Jej zdaniem, porównanie Polski z tym, co robi Putin, jest "absolutnie nieuprawnione, niesprawiedliwe i powinno być zweryfikowane".
Do sprawy odniósł się w #dziejesienazywo również Rafał Ziemkiewicz ("Do Rzeczy"), który stwierdził, że konserwatywna Polska nie potrafi zbudować swojego lobby w Ameryce od czasu jak Kongres Polonii stał się marginalną organizacją. - To, co dociera do ludzi typu Billa Clintona, to jest lobbing skrajnie lewicowej grupy - Foreign Affairs, pani Applebaum. Jej rodzina, wpływowa przez powiązania z Radosławem Sikorskim, pewnie ma też duży wpływ na kształtowanie opinii. Tylko takie docierają - nie łudźmy się, że Bill Clinton jakoś obserwuje sytuację w Europie Wschodniej i ma na ten temat pojęcie - oznajmił.

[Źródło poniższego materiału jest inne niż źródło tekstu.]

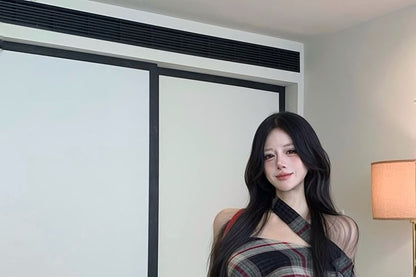 Off-Shoulder Plaid Crop Blouse with Long Sleeves and Asymmetrical Hem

Marcin Celiński ("Liberte!") z kolei uznał, że Clinton mówi to, czego nie powie jego żona, będąc potencjalnym prezydentem. - Myślę, że wyraża pogląd, który jest dość powszechny w jego kręgu politycznym, szeroko pojętej elicie demokratów. Z faktu, że trzydzieści parę procent Polaków popiera ten rząd, nie oznacza, że taką samą ocenę musi podzielać Clinton. On mówił o demokracji liberalnej, a nie o tym, czy PiS jest akceptowany w Polsce. Putina akceptuje 70-80 proc. Rosjan, co nie oznacza, że musimy powiedzieć, że to jest najlepszy system na świecie - podkreślił.
- On wie o nim tyle, ile się dowiedział właśnie od Radosława Sikorskiego. To tak jakby ktoś o Solidarności w 1981 roku wiedział tyle, co przeczytał w Żołnierzu Wolności i Trybunie Ludu - wtrącił Ziemkiewicz.
Celiński ripostował: - Zawsze można ośmieszyć. Ja mogę powiedzieć, że te trzydzieści parę procent Polaków, które popiera PiS wie tyle, ile Rafał Ziemkiewicz napisał w swoich felietonach. Nie sprowadzajmy wszystkiego do absurdu.
Clinton o Polsce: chce przywództwa w stylu putinowskim
- Polska i Węgry zdecydowały, że demokracja jest zbyt kłopotliwa, wolą przywództwo w stylu putinowskim - stwierdził były prezydent USA Bill Clinton podczas wystąpienia w Ewing (New Jersey, USA) na wiecu wyborczym Hillary Clinton, która ubiega się o prezydencką nominację Partii Demokratycznej.
Były prezydent USA, który przemawiał przed ponad półtoratysięcznym tłumem zgromadzonym w budynku The College of New Jersey, nawiązał do retoryki Donalda Trumpa: - Dajcie mi autorytarnego przywódcę i trzymajcie z dala cudzoziemców. Nie brzmi to znajomo?